The lightbox display shows the form as a layer floating on top of the rest of the page. It is static in the viewport, so the form is always visible to the end user while it is displayed (i.e. it cannot be scrolled out of the viewport). To enhance the idea of the form floating over the rest of the document, a background layer is added to create a shadow like effect, fading out the rest of the document and focusing the user's attention on the form.

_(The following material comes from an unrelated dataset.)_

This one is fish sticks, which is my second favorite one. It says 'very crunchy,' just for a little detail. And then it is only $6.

The lightbox controller provides options to configure how it displays the Editor form through the properties in the object $.fn.dataTable.Editor.display.lightbox.conf. The default options are (see below for a detailed explanation of each):

{
    "offsetAni":     25,
    "windowPadding": 25
}

Setting custom values

Setting a custom value for the lightbox display controller can be done in one of two different ways. For setting a single option use:

$.fn.dataTable.Editor.display.lightbox.conf.windowPadding = 50;

To set multiple items, it is more code efficient to use the jQuery.extend() method:

$.extend( $.fn.dataTable.Editor.display.lightbox.conf, {
    offsetAni:     50,
    windowPadding: 50
} );

Options

The lightbox provides the following options:

offsetAni

When the lightbox display controller animates the main form display in, it performs two different animations - the most obvious is the opacity, but it will also transition the form down the y-axis (i.e. it moves down on the page). This is to make it look like the box is flying in to the end user. Equally, when the display is closed, the box will continue to move down the y-axis, flying out.

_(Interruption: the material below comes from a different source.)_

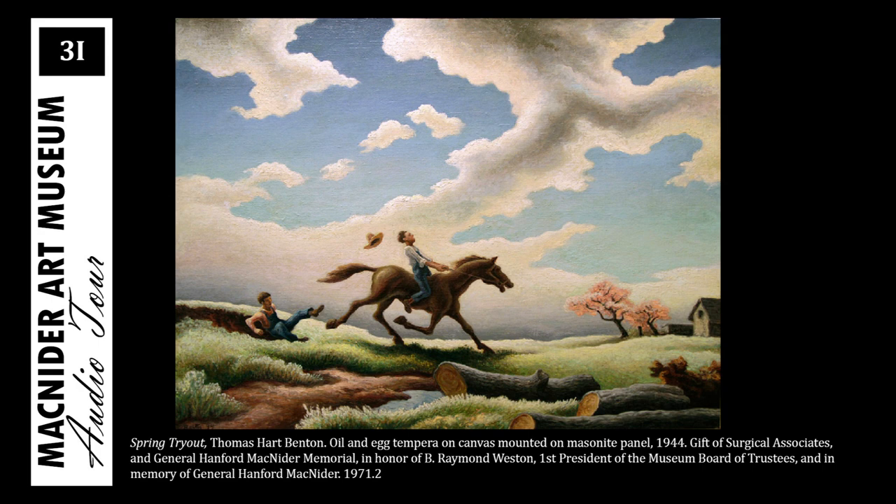While serving in the Navy in World War I, he was directed to make drawings and illustrations of shipyard work and life for documentation purposes. This greatly influenced his later drawings of ordinary people and daily living.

This option controls the distance, in pixels, that this movement along the y-axis will cover. The default value is 25 to give a subtle animation effect, but it can be enhanced by using a higher value, or disabled entirely by setting the value to 0.

windowPadding

The lightbox display used the CSS position: fixed option to ensure that the form is always visible on screen to the end user while it is displayed. As such, the form has the height of the browser window to display the form (the fields part will scroll for larger forms!), and this parameter controls the how far the lightbox edge is displayed from the edge of the window.

By default the lightbox does not touch the edge of the browser window, enhancing the look of the form floating over the page, but how far that padding distance is can be controlled by this parameter. It is an integer, with the size in pixels. 0 would indicate no padding if you want to make full use of the display area available.